Output the entire listing that follows verbatim.

-- SOURCE MATERIAL follows --

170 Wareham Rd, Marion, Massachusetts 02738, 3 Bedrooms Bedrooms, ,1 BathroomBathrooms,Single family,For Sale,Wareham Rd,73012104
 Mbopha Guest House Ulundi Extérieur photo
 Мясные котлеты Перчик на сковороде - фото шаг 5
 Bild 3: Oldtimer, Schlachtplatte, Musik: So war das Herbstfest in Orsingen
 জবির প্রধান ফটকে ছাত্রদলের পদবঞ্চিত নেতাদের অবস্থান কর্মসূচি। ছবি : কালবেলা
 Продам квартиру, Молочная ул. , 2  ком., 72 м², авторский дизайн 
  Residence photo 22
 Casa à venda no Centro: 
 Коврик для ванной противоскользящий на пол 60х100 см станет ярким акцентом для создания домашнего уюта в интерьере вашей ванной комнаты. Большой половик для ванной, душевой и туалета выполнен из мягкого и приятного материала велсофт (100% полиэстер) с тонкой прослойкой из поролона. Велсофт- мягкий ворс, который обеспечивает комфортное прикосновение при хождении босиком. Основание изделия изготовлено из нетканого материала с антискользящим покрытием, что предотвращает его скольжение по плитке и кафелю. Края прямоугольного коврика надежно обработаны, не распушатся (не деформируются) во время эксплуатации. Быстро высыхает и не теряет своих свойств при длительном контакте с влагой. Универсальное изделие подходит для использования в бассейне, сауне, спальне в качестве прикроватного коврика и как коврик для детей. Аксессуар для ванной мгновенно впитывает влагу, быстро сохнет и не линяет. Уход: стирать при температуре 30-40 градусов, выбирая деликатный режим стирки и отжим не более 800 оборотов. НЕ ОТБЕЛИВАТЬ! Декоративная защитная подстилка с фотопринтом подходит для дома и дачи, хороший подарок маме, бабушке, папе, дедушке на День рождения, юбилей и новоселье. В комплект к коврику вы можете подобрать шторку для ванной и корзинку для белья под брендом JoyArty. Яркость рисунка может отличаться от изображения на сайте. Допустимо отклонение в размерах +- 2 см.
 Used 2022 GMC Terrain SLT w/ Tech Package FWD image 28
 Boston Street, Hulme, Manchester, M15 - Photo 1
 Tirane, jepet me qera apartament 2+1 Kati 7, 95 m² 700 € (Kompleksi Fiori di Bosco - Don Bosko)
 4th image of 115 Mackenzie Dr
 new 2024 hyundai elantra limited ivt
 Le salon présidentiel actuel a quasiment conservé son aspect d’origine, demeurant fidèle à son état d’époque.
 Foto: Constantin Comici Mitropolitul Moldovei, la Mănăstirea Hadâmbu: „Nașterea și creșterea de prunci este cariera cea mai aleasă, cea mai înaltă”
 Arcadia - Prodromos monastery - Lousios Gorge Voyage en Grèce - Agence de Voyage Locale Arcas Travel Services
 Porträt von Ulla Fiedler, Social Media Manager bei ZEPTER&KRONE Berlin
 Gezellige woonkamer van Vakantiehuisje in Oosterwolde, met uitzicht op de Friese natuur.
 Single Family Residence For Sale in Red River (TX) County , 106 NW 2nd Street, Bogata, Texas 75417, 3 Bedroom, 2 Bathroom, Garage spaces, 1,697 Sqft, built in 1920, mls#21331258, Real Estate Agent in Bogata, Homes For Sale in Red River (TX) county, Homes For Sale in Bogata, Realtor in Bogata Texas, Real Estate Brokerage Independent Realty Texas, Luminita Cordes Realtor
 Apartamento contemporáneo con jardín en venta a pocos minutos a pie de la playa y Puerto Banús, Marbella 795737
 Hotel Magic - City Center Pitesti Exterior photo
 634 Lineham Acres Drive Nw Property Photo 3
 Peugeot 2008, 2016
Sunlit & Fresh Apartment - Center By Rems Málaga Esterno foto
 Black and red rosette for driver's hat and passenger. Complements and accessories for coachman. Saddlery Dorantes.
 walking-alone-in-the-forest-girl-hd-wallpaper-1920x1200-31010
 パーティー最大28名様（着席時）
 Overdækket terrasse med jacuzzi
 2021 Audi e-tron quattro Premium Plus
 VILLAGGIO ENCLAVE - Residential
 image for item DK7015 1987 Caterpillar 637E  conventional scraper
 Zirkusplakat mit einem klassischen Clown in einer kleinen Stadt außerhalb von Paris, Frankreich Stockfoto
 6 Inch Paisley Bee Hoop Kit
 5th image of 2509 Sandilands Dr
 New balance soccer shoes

-- SOURCE MATERIAL concluded --

● RESPONSE
170 Wareham Rd, Marion, Massachusetts 02738, 3 Bedrooms Bedrooms, ,1 BathroomBathrooms,Single family,For Sale,Wareham Rd,73012104
 Mbopha Guest House Ulundi Extérieur photo
 Мясные котлеты Перчик на сковороде - фото шаг 5
 Bild 3: Oldtimer, Schlachtplatte, Musik: So war das Herbstfest in Orsingen
 জবির প্রধান ফটকে ছাত্রদলের পদবঞ্চিত নেতাদের অবস্থান কর্মসূচি। ছবি : কালবেলা
 Продам квартиру, Молочная ул. , 2  ком., 72 м², авторский дизайн 
  Residence photo 22
 Casa à venda no Centro: 
 Коврик для ванной противоскользящий на пол 60х100 см станет ярким акцентом для создания домашнего уюта в интерьере вашей ванной комнаты. Большой половик для ванной, душевой и туалета выполнен из мягкого и приятного материала велсофт (100% полиэстер) с тонкой прослойкой из поролона. Велсофт- мягкий ворс, который обеспечивает комфортное прикосновение при хождении босиком. Основание изделия изготовлено из нетканого материала с антискользящим покрытием, что предотвращает его скольжение по плитке и кафелю. Края прямоугольного коврика надежно обработаны, не распушатся (не деформируются) во время эксплуатации. Быстро высыхает и не теряет своих свойств при длительном контакте с влагой. Универсальное изделие подходит для использования в бассейне, сауне, спальне в качестве прикроватного коврика и как коврик для детей. Аксессуар для ванной мгновенно впитывает влагу, быстро сохнет и не линяет. Уход: стирать при температуре 30-40 градусов, выбирая деликатный режим стирки и отжим не более 800 оборотов. НЕ ОТБЕЛИВАТЬ! Декоративная защитная подстилка с фотопринтом подходит для дома и дачи, хороший подарок маме, бабушке, папе, дедушке на День рождения, юбилей и новоселье. В комплект к коврику вы можете подобрать шторку для ванной и корзинку для белья под брендом JoyArty. Яркость рисунка может отличаться от изображения на сайте. Допустимо отклонение в размерах +- 2 см.
 Used 2022 GMC Terrain SLT w/ Tech Package FWD image 28
 Boston Street, Hulme, Manchester, M15 - Photo 1
 Tirane, jepet me qera apartament 2+1 Kati 7, 95 m² 700 € (Kompleksi Fiori di Bosco - Don Bosko)
 4th image of 115 Mackenzie Dr
 new 2024 hyundai elantra limited ivt
 Le salon présidentiel actuel a quasiment conservé son aspect d’origine, demeurant fidèle à son état d’époque.
 Foto: Constantin Comici Mitropolitul Moldovei, la Mănăstirea Hadâmbu: „Nașterea și creșterea de prunci este cariera cea mai aleasă, cea mai înaltă”
 Arcadia - Prodromos monastery - Lousios Gorge Voyage en Grèce - Agence de Voyage Locale Arcas Travel Services
 Porträt von Ulla Fiedler, Social Media Manager bei ZEPTER&KRONE Berlin
 Gezellige woonkamer van Vakantiehuisje in Oosterwolde, met uitzicht op de Friese natuur.
 Single Family Residence For Sale in Red River (TX) County , 106 NW 2nd Street, Bogata, Texas 75417, 3 Bedroom, 2 Bathroom, Garage spaces, 1,697 Sqft, built in 1920, mls#21331258, Real Estate Agent in Bogata, Homes For Sale in Red River (TX) county, Homes For Sale in Bogata, Realtor in Bogata Texas, Real Estate Brokerage Independent Realty Texas, Luminita Cordes Realtor
 Apartamento contemporáneo con jardín en venta a pocos minutos a pie de la playa y Puerto Banús, Marbella 795737
 Hotel Magic - City Center Pitesti Exterior photo
 634 Lineham Acres Drive Nw Property Photo 3
 Peugeot 2008, 2016
Sunlit & Fresh Apartment - Center By Rems Málaga Esterno foto
 Black and red rosette for driver's hat and passenger. Complements and accessories for coachman. Saddlery Dorantes.
 walking-alone-in-the-forest-girl-hd-wallpaper-1920x1200-31010
 パーティー最大28名様（着席時）
 Overdækket terrasse med jacuzzi
 2021 Audi e-tron quattro Premium Plus
 VILLAGGIO ENCLAVE - Residential
 image for item DK7015 1987 Caterpillar 637E  conventional scraper
 Zirkusplakat mit einem klassischen Clown in einer kleinen Stadt außerhalb von Paris, Frankreich Stockfoto
 6 Inch Paisley Bee Hoop Kit
 5th image of 2509 Sandilands Dr
 New balance soccer shoes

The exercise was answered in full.